Ein Rundumblick zeigt: Es wurde viel erreicht, aber es gibt auch noch viel zu tun. Wo besteht noch Nachholbedarf in der eigenen Organisation? Was will die IG Metall für die Frauen- und Gleichstellungspolitik in der Zukunft erreichen?

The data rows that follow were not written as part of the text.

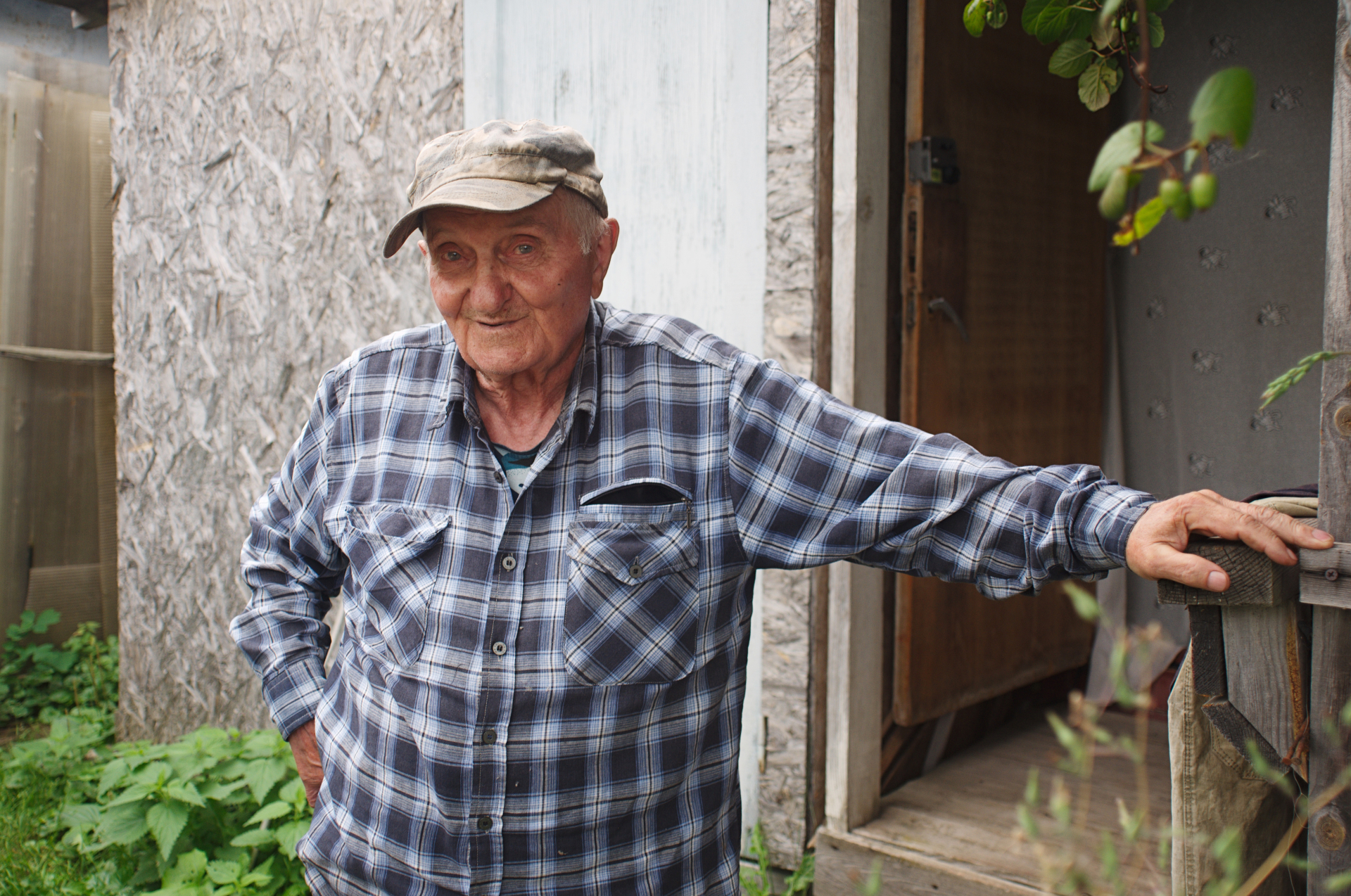 Виктор Петрыкин, потомок бондарей © Дмитрий Ермаков
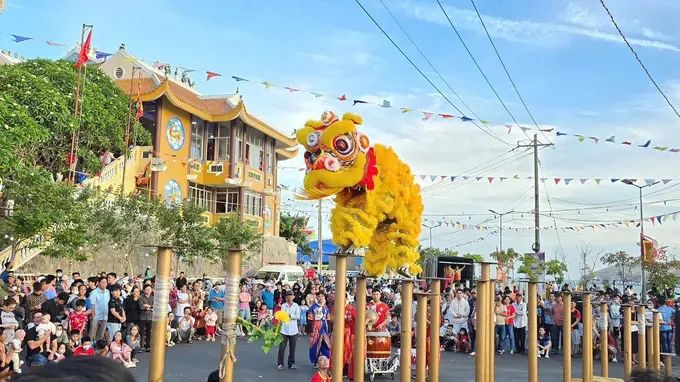 Lễ Hội Dinh Cô Long Hải là Di sản văn hóa phi vật thể quốc gia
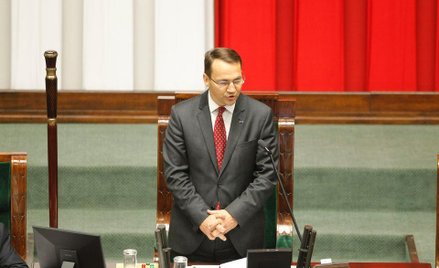 Sikorski marszałkiem, Radziszewska wicemarszałkiem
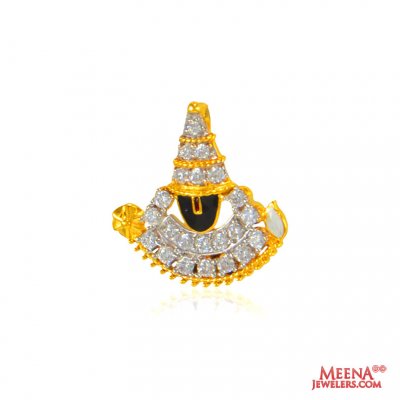 22 kt Gold Balaji Pendant ( Ganesh, Laxmi and other God Pendants )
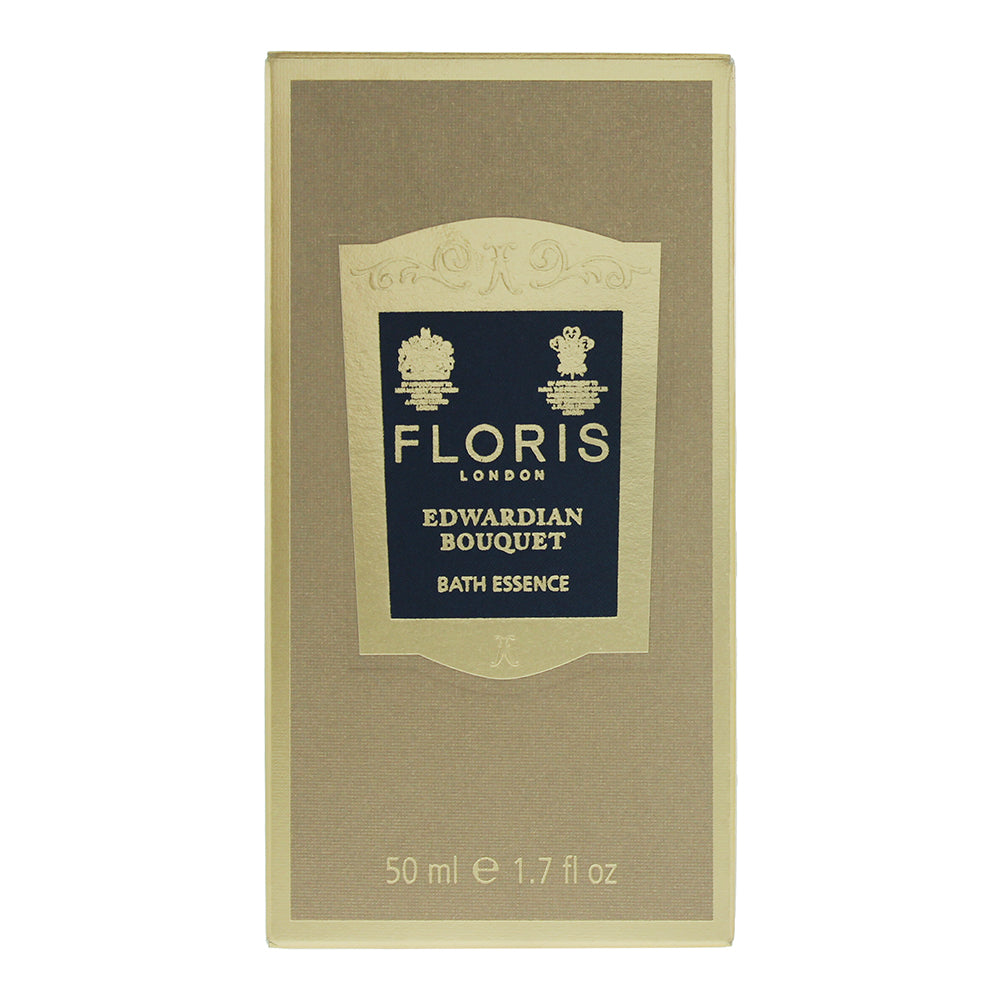 Floris Edwardian Bouquet Bath Essence 50ml - Box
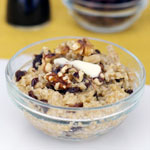 Maple Raisin Steel Cut Oatmeal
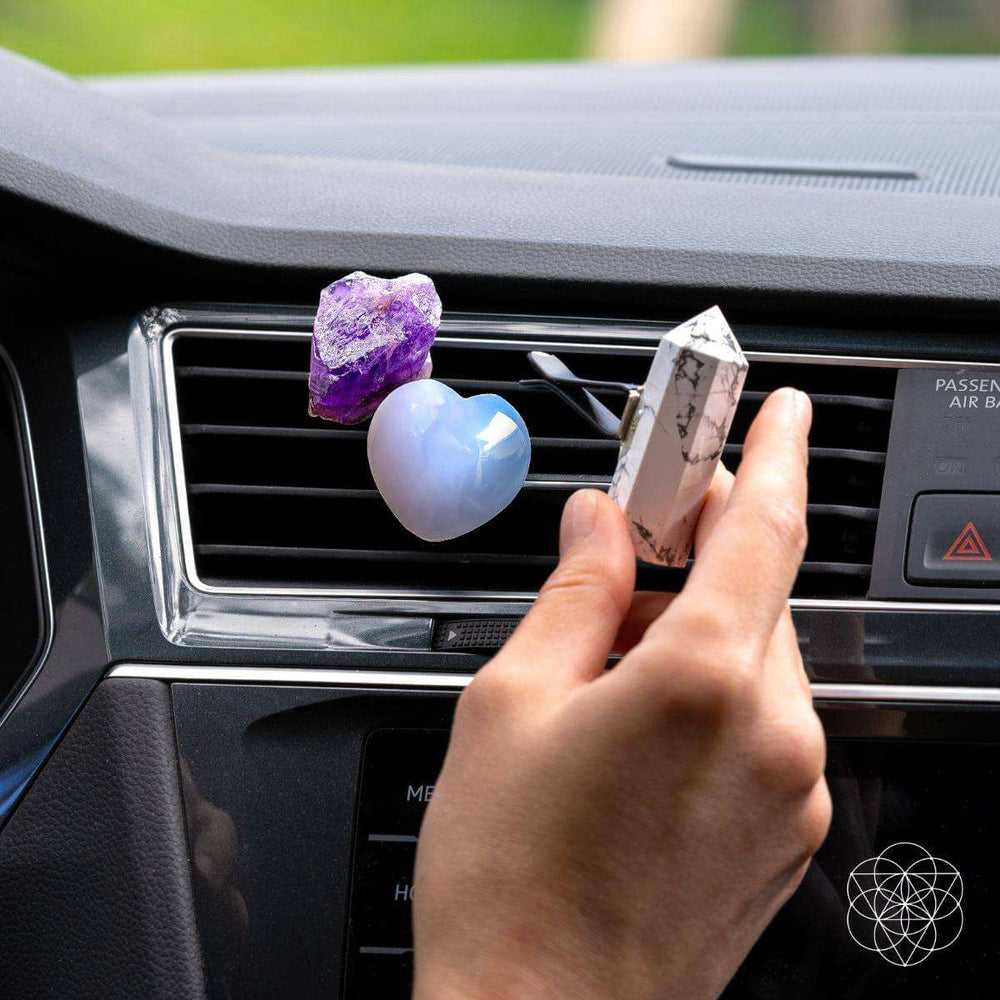 Focused Driver - Crystal Car Kit of Protection - Conscious Items - Flyclothing LLC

Alle, die mich kennen, wissen: Das ist mir ein Herzensanliegen. Wir haben klare Ziele gesetzt. Das ist gar nicht so einfach, denn die Branchen der IG Metall sind männlich dominiert. Bei den weiblichen Mitgliedern werden wir nachlegen. Da sind wir durchaus selbstkritisch und fragen, wie können wir attraktiver für Frauen werden? Die Geschichte zeigt uns immer wieder: Wir brauchen weibliche Vorbilder. Vor Ort gibt es immer mehr Geschäftsführerinnen. Wir vernetzen unsere Frauen, beispielsweise auf unseren Betriebsrätinnentagen. Es geht darum, sich gegenseitig zu stärken. Einige Bezirke machen Angebote nur für Frauen. Für die IG Metall kann ich versprechen: Wir werden alles dafür tun, dass Frauen nicht zu den Verliererinnen der Krise werden.